四人第一次,不再退让、不再伪装、不再默契平分。
各有各的底气,各有各的输赢,各有各的不肯让步。
祁安握着刚刚揉过他腰的指尖,余温未散,温柔却带强势:
“他会主动靠我,是你们永远抢不走的下意识。”
温明月挑眉,笑意凉薄:
“他会脸红躲闪、会心跳慌乱,只吃我的撩拨。你们谁都替代不了。”
不渝目光执拗,声音轻却坚定:
“他安静、放空、最松弛的模样,只愿意留给我。”
宸苑气场压过所有人,沉声道:
“他最后安稳入睡、彻底放下戒备的归宿,永远是我。”
四份占有,四份底气,四份不肯退让的喜欢。
全部撞在一处。
而被四人目光死死锁住、夹在正中心的钟汶咎——
彻底懵了。
他站在原地,脸颊通红,心口乱得发疼、发软、发慌。
第一次清清楚楚看见。
他们四个,根本无法共存。
他们温柔可以平分,陪伴可以轮流,独处可以排班。
唯独他,谁都不肯共享。
谁都想做他的唯一偏爱。
谁都不甘心只拥有他四分之一。
钟汶咎指尖轻轻发抖,小声嗫嚅:
“你们……别这样……”
他太乖、太软、太懵懂。
哪怕亲眼看见这场窒息的修罗场,依旧舍不得任何一个人难过。
他想哄祁安、想安抚温明月、想陪不渝、想依赖宸苑。
可他越这样,四人眼底的执念越疯。
祁安看着他心软犹豫的样子,眼底翻涌贪恋:“你看,你最心软的是我。
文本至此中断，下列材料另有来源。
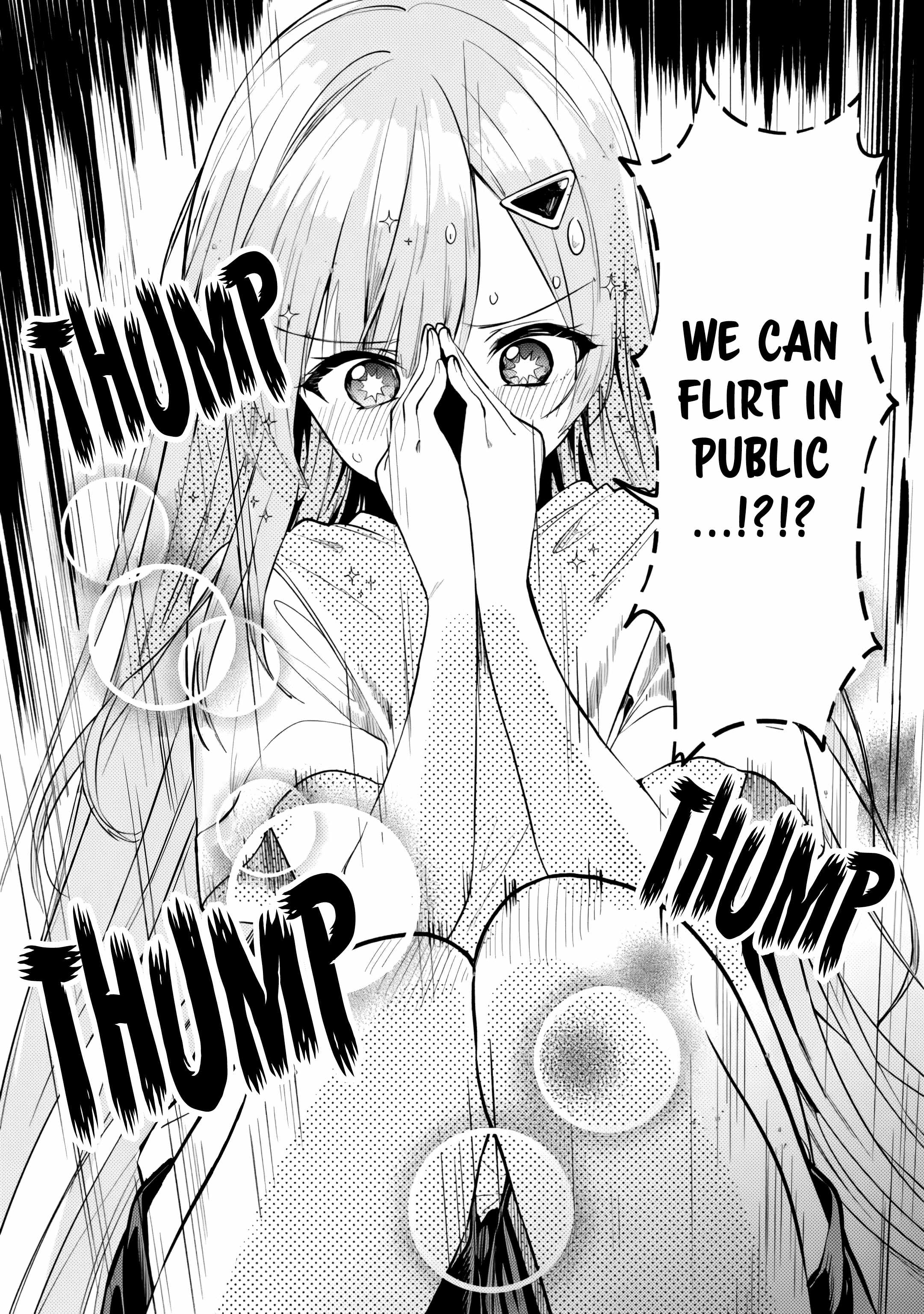 Maigo ni Natteita Youjo wo Tasuketara, Otonari ni Sumu Bishoujo Ryuugakusei ga Ie ni Asobi ni Kuru you ni Natta Ken ni Tsuite Chapter 33 page 18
”
温明月看着他慌乱害羞的模样,喉结滚动:“你最招架不住的是我。”
不渝看着他不知所措的模样,轻声固执:“你最安心的是我。”
宸苑看着他彻底无措的模样,低声笃定:“你最归宿的是我。”
训练室的风,安静又滚烫。
五个人的气氛,黏糊、窒息、暧昧、拉扯到极致。
没人再说话。
只有四份汹涌、偏执、再也藏不住的爱意,在密闭空间里疯狂冲撞。
钟汶咎垂着眼,心跳乱得一塌糊涂。